• What you should do: Leave out the pictures and copy everything else in the entries exactly.

==== Supplied data ====

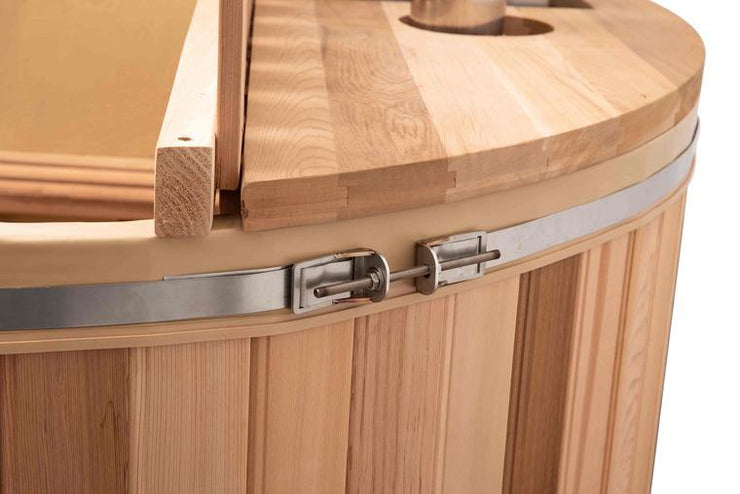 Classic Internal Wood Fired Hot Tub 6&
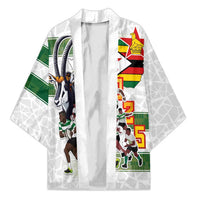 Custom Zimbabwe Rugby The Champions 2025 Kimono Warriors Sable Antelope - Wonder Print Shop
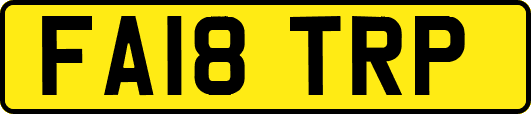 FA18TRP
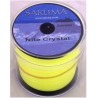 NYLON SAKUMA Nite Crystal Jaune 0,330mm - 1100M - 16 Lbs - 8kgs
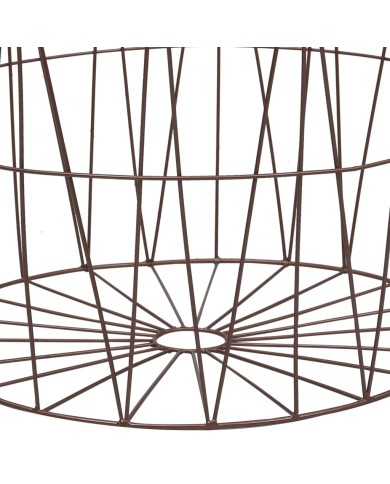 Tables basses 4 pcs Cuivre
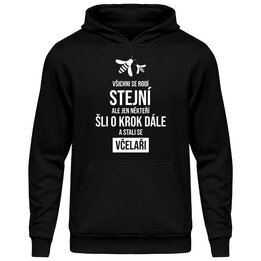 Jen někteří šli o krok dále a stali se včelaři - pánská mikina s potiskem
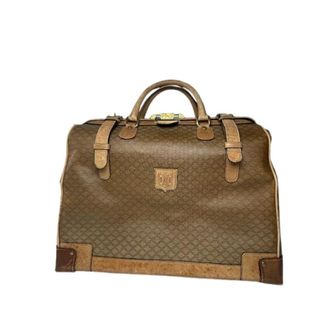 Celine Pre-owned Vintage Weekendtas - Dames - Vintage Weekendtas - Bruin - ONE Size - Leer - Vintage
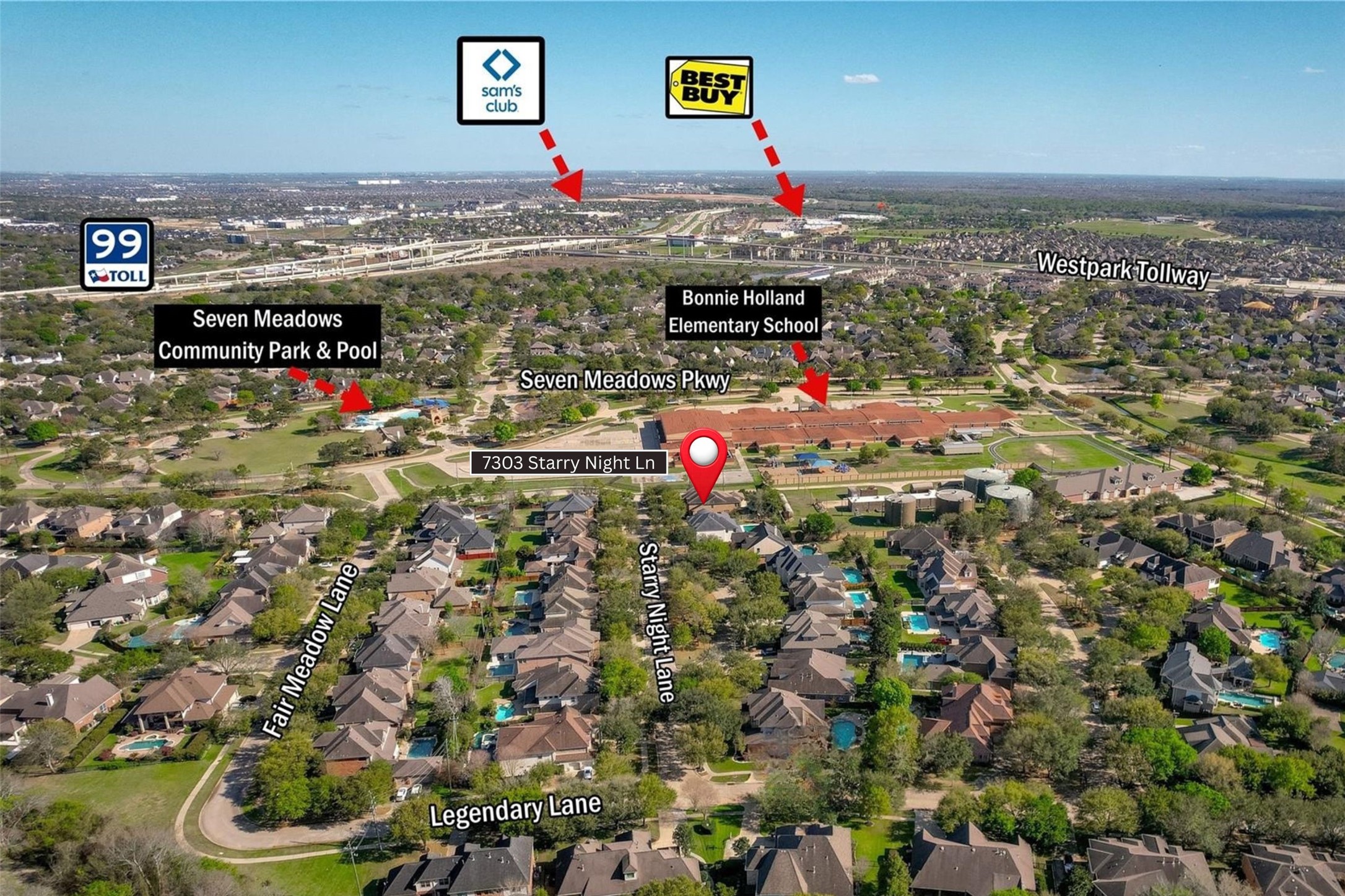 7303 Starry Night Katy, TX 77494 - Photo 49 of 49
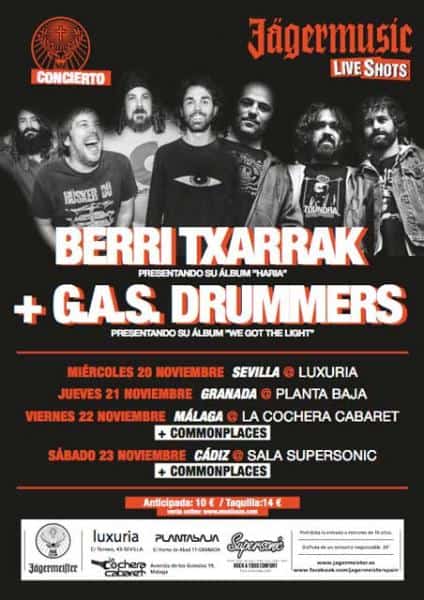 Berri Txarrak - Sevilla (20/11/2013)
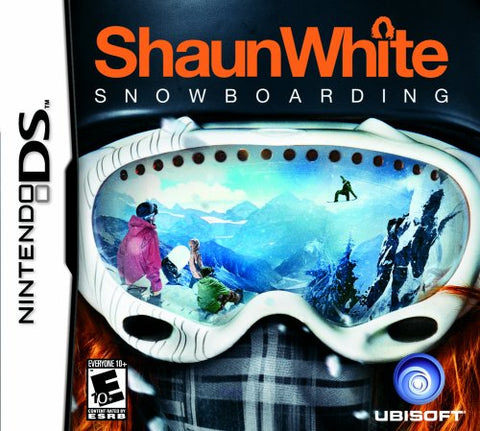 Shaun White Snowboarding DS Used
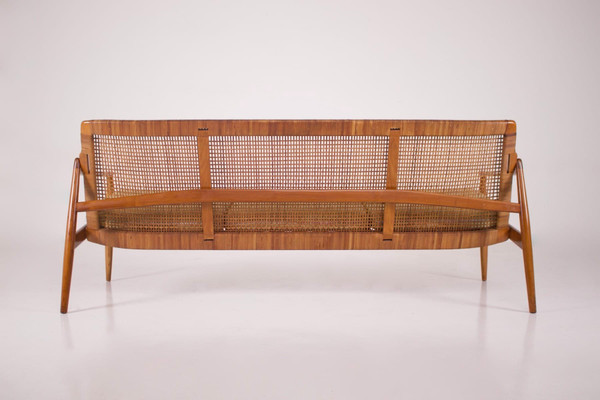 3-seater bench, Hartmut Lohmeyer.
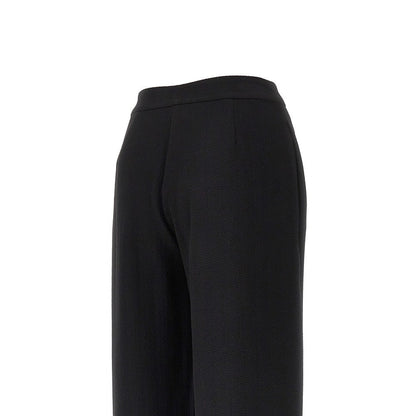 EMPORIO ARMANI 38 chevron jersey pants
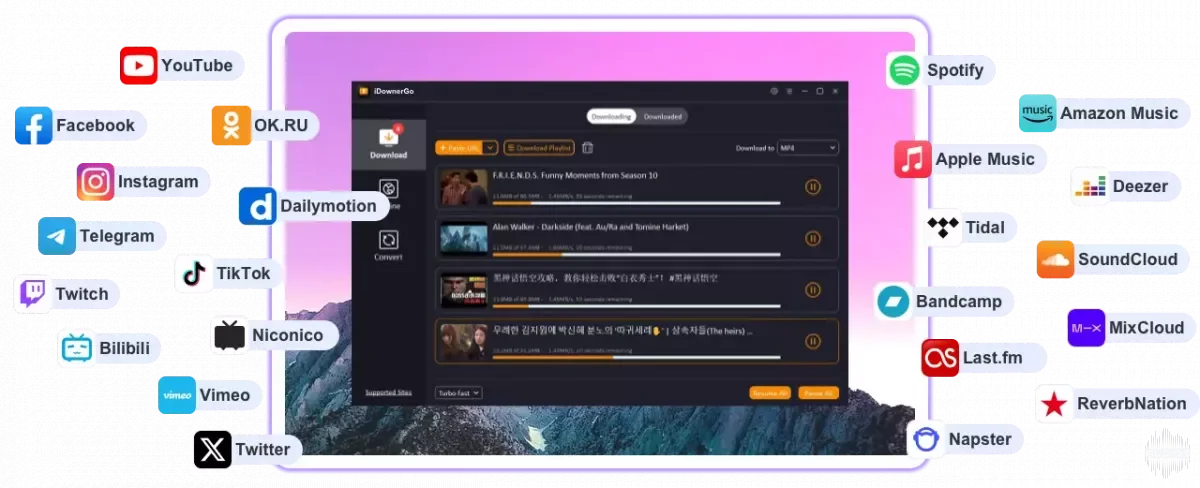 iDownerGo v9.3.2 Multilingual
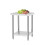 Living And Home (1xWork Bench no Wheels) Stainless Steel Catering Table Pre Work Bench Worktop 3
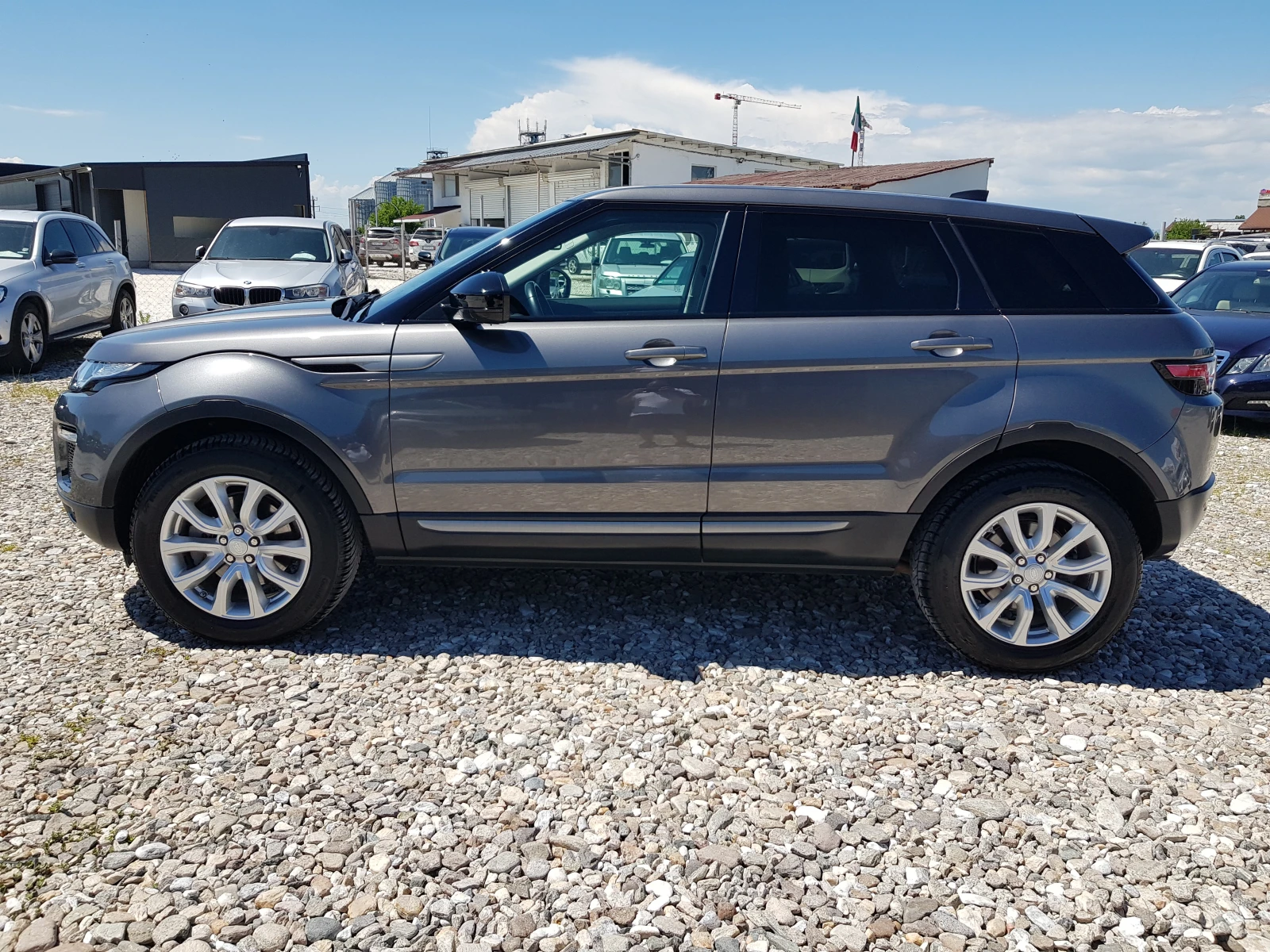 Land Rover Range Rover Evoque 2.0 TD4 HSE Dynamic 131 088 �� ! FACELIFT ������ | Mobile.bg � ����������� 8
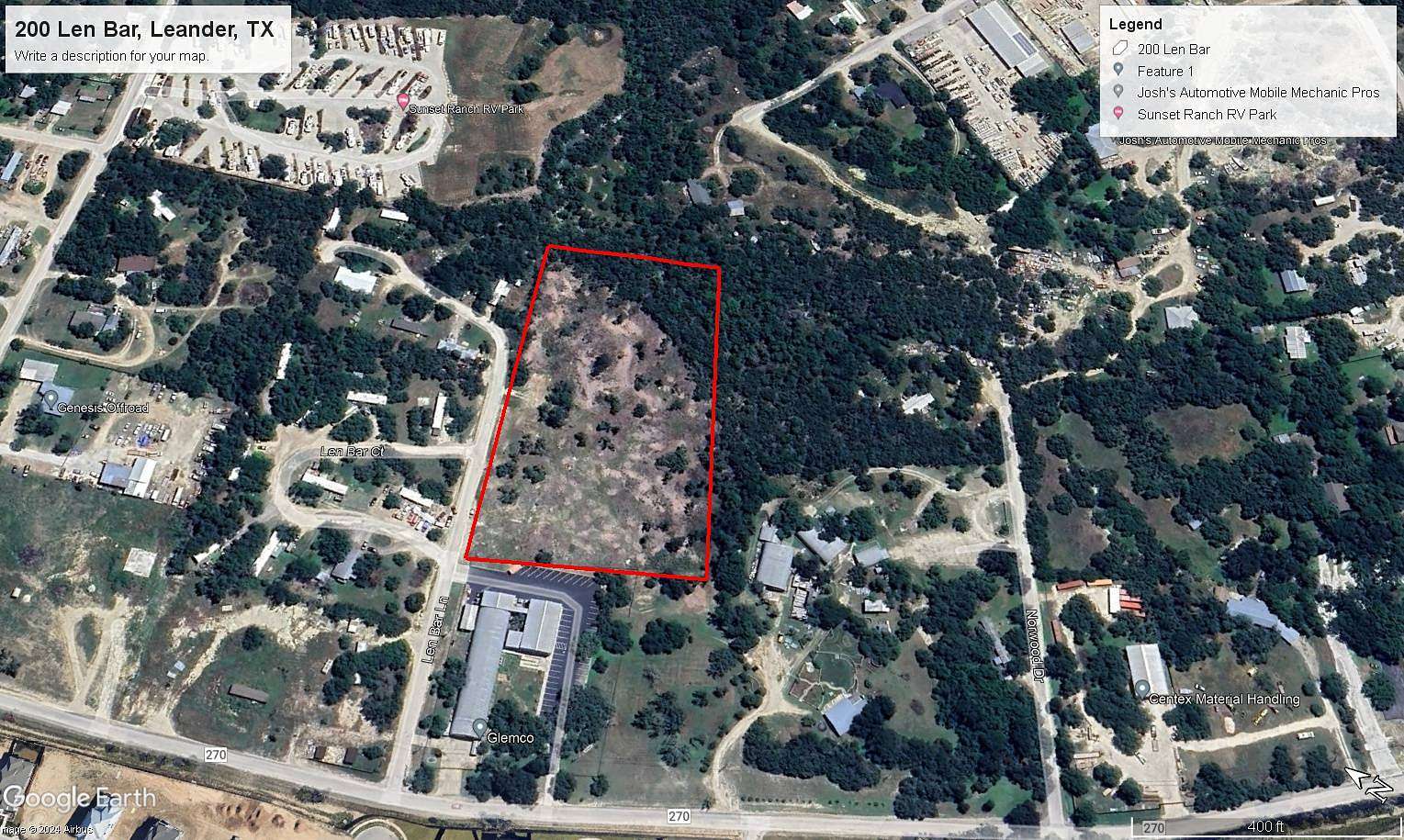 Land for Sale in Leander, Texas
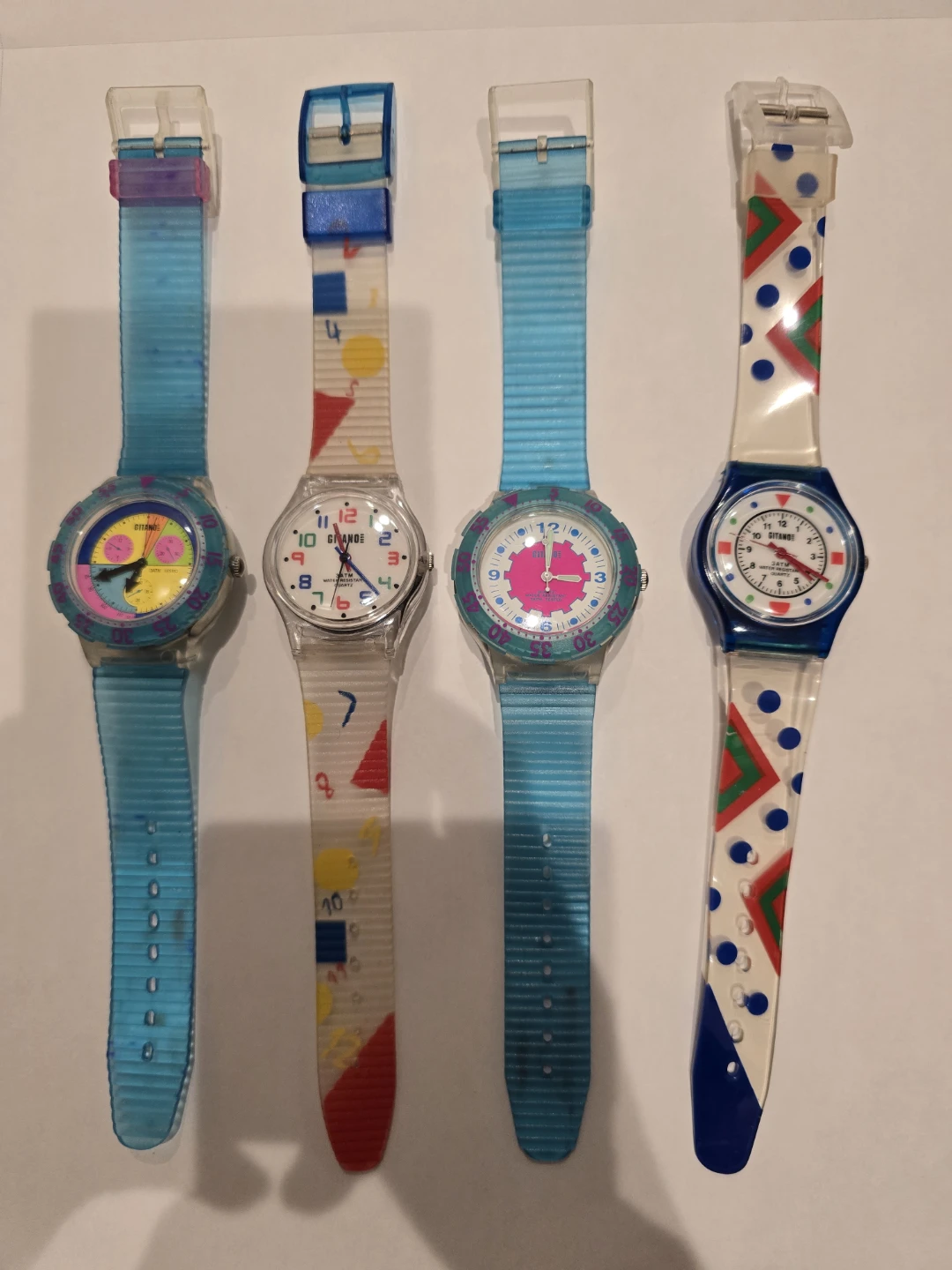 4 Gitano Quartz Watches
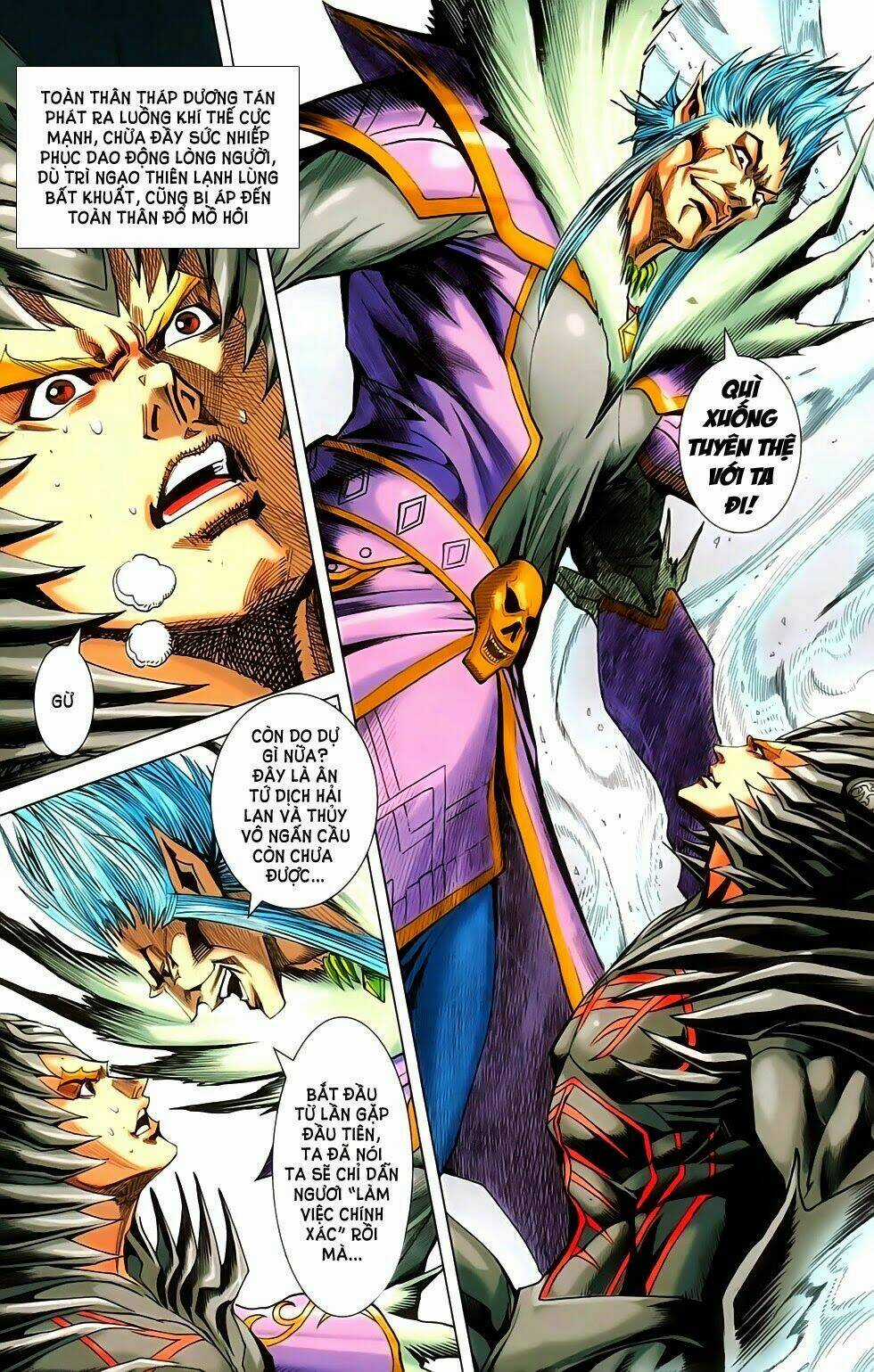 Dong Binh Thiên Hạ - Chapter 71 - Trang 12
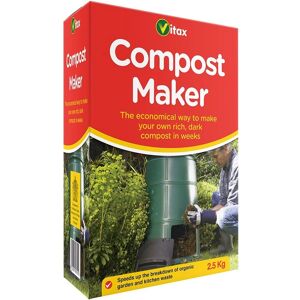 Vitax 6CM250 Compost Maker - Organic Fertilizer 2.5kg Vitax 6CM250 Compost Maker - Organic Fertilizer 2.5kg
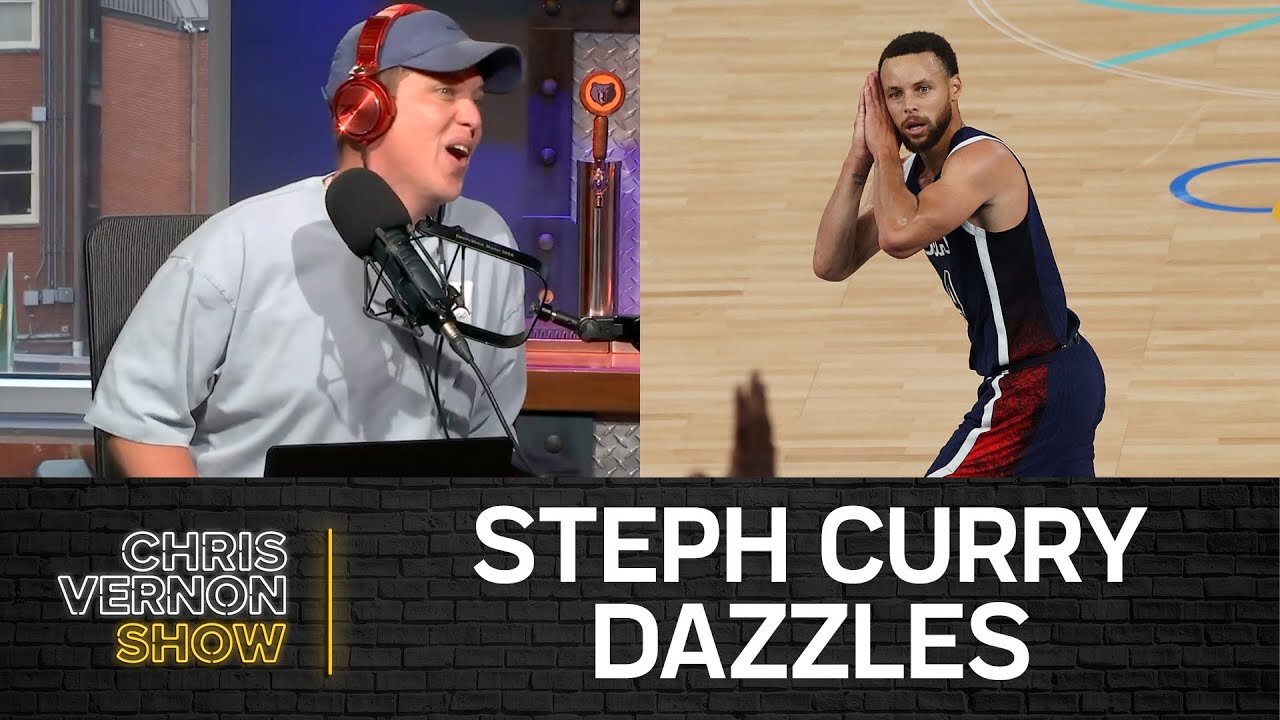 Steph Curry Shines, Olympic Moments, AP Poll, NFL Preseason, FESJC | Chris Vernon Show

====

• Output of the task:
 Classic Internal Wood Fired Hot Tub 6&
 Custom Zimbabwe Rugby The Champions 2025 Kimono Warriors Sable Antelope - Wonder Print Shop
 FA18TRP
 NYLON SAKUMA Nite Crystal Jaune 0,330mm - 1100M - 16 Lbs - 8kgs
 Tables basses 4 pcs Cuivre
 Jen někteří šli o krok dále a stali se včelaři - pánská mikina s potiskem
 Celine Pre-owned Vintage Weekendtas - Dames - Vintage Weekendtas - Bruin - ONE Size - Leer - Vintage
 7303 Starry Night Katy, TX 77494 - Photo 49 of 49
 Berri Txarrak - Sevilla (20/11/2013)
 Shaun White Snowboarding DS Used
 3-seater bench, Hartmut Lohmeyer.
 EMPORIO ARMANI 38 chevron jersey pants
 iDownerGo v9.3.2 Multilingual
 Living And Home (1xWork Bench no Wheels) Stainless Steel Catering Table Pre Work Bench Worktop 3
 Land Rover Range Rover Evoque 2.0 TD4 HSE Dynamic 131 088 �� ! FACELIFT ������ | Mobile.bg � ����������� 8
 Land for Sale in Leander, Texas
 4 Gitano Quartz Watches
 Dong Binh Thiên Hạ - Chapter 71 - Trang 12
 Vitax 6CM250 Compost Maker - Organic Fertilizer 2.5kg Vitax 6CM250 Compost Maker - Organic Fertilizer 2.5kg
 Steph Curry Shines, Olympic Moments, AP Poll, NFL Preseason, FESJC | Chris Vernon Show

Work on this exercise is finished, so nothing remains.